» DATA FOR REVIEW
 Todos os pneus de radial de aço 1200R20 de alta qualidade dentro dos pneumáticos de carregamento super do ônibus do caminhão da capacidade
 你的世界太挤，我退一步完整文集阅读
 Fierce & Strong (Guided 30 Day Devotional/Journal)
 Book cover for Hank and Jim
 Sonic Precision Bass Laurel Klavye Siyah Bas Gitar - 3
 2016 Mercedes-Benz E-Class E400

...

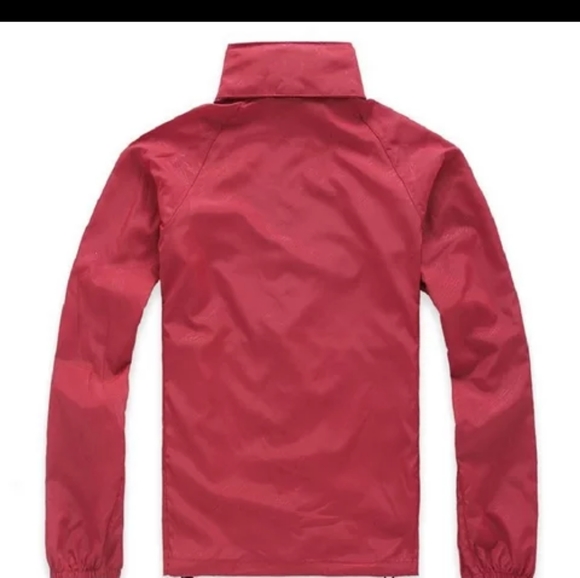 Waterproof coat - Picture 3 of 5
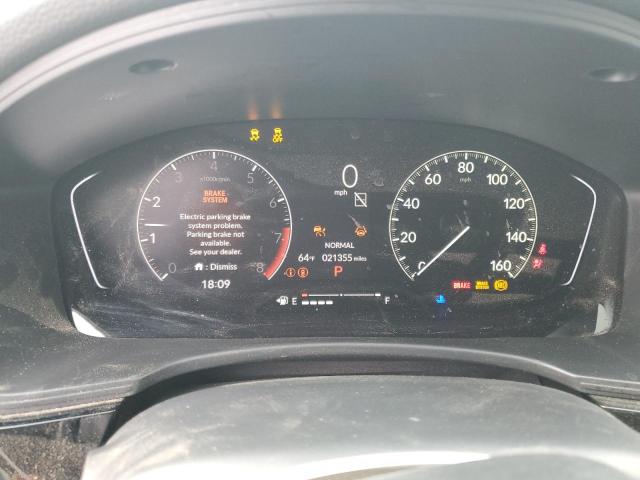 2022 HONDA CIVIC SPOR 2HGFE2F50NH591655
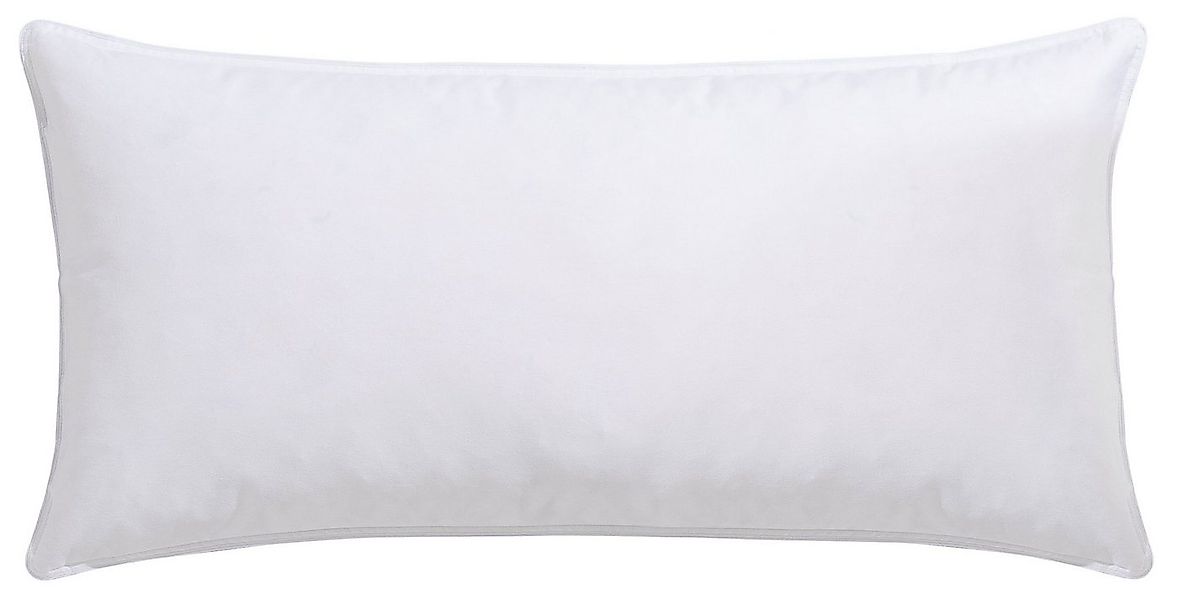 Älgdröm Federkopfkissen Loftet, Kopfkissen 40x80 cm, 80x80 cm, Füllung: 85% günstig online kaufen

» TRY IT
Taking the records above, retype every line from the one with "你的世界太挤，我退一步完整文集阅读" down to the one with "2016 Mercedes-Benz E-Class E400", exactly and with nothing else.

» RESPONSE BOX
 你的世界太挤，我退一步完整文集阅读
 Fierce & Strong (Guided 30 Day Devotional/Journal)
 Book cover for Hank and Jim
 Sonic Precision Bass Laurel Klavye Siyah Bas Gitar - 3
 2016 Mercedes-Benz E-Class E400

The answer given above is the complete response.